岩政氏にとって「選手に近いコーチ」だった石井氏との対談は次第に熱を帯びていった。写真:茂木あきら(サッカーダイジェスト写真部)

 サッカーの未来について考える。語る。
 対談連載の第4回は、石井正忠さんにお話を伺いました。

石井さんは鹿島アントラーズが1993年のJリーグ初年度を戦った時の初代キャプテンです。現役を引退された1999年には、すぐに鹿島のコーチ(ユース)として帰還され、トップチームのフィジカルコーチ、ヘッドコーチと歴任されました。そして、2015年のシーズンの途中からは鹿島では21年ぶり2人目となる日本人監督として指揮されました。

1991年に住友金属工業(鹿島の前身)に加入されてから、現役最後の年となった1998年の1年間を除いて、実に26年もの時を鹿島と歩んだことになります。鹿島の歴史そのものとも言える存在です。

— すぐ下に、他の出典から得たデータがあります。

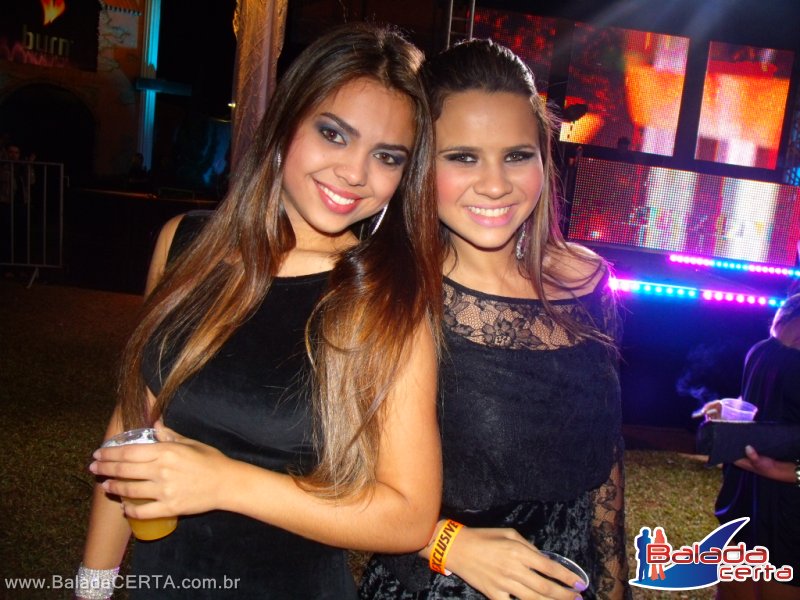 Balada: Fotos Lets Burn em Uberlandia/MG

 私が鹿島に入団したのが2004年。石井さんはフィジカルコーチでした。ひと言で言い表すと「いい人」。選手に一番近い存在で、気軽に相談できる兄貴分でした。それから少しずつ立場を変えられ、より重要な役割を任されるコーチになっていかれましたが、それでも選手にとって話しやすい存在というのは変わりませんでした。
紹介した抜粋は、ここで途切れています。